Adana VilayetiMeclis İdaresi
(imza okunamadı)
Anadolu ve Rumeli Kilikya Adana Heyet-i Merkeziyesi
Adana Vilayeti Meclis-i Umumisi tarafından halka beyanname.
Teşrin-i sani (Kasım)1920”
Bildirinin satır aralarında da yer aldığı gibi “Son muharebede birçok Ermeniler, Fransızlarla beraber, Müslümanlara eski zulümlerini tekrar ettiler” sözleriyle işgal sırasında zulmün Fransız – Ermeni eliyle yapıldığı gözler önüne seriliyor.
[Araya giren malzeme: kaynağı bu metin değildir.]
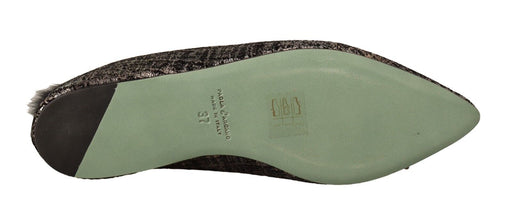 Gold Jacquard Leather Embellished Slip On Shoes Paola D'Arcano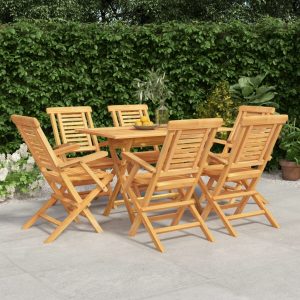 Set mobilier de grădină, 7 piese, lemn masiv de tec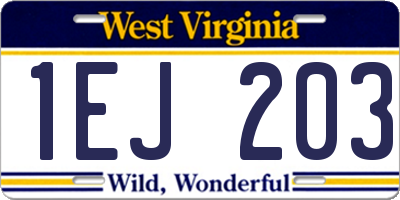 WV license plate 1EJ203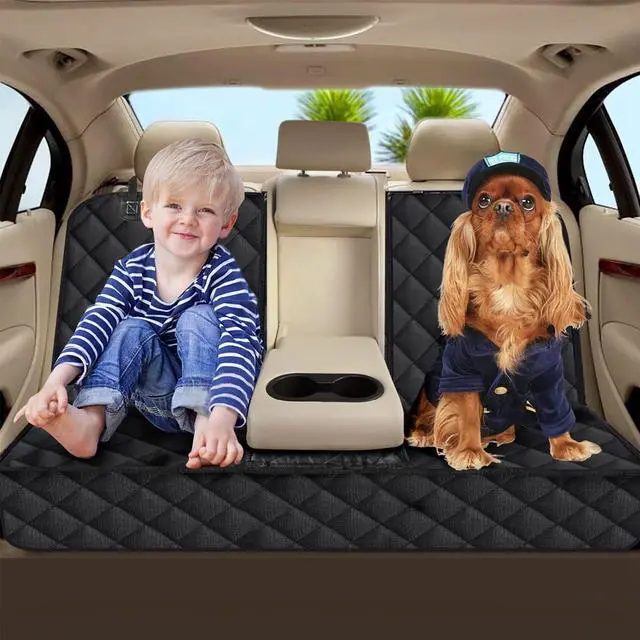 Alt view image 4 of 7 - Dog Car Seat Cover, Back Seat Extender for Dogs,Dog Hammock for Car Backseat, Non Inflatable Dog seat Cover for Back seat,Hard Bottom Back Seat Protector for Cars,Trucs & SUVs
Fransız’ın Ermeni’ye, Ermeni’nin Fransız’a desteğiyle sürdürülen bunca zulme karşın, Fransızların Milli Kuvvetler’e karşı son kez düzenlediği Genel Taarruz’da, Milli Kuvvetler Fransız kuvvetlerini mağlup etmiştir. Ardından Ankara Hükümeti ile Fransızlar arasında yapılan Ankara itilafnâmesi gereğince Adana Türklere devredilecek ve Türkleri öldüren, mallarını gasp eden, ırzlarına geçen Ermeniler, İkinci Dönem İstiklal Mahkemeleri tarafından yargılanacak; 8 kişi idama mahkum edilirken, 1 kişi de beraat ettirilecektir.
Fransa’nın sözde Ermeni soykırımı yalanını bu kadar desteklemesine yukarıda anlatılanlardan dolayı şaşırmamak gerekir. Türk düşmanlığı Fransız’ın Ermeni’ye, Ermeni’nin de Fransız’a desteğiyle her dönemde sürecektir.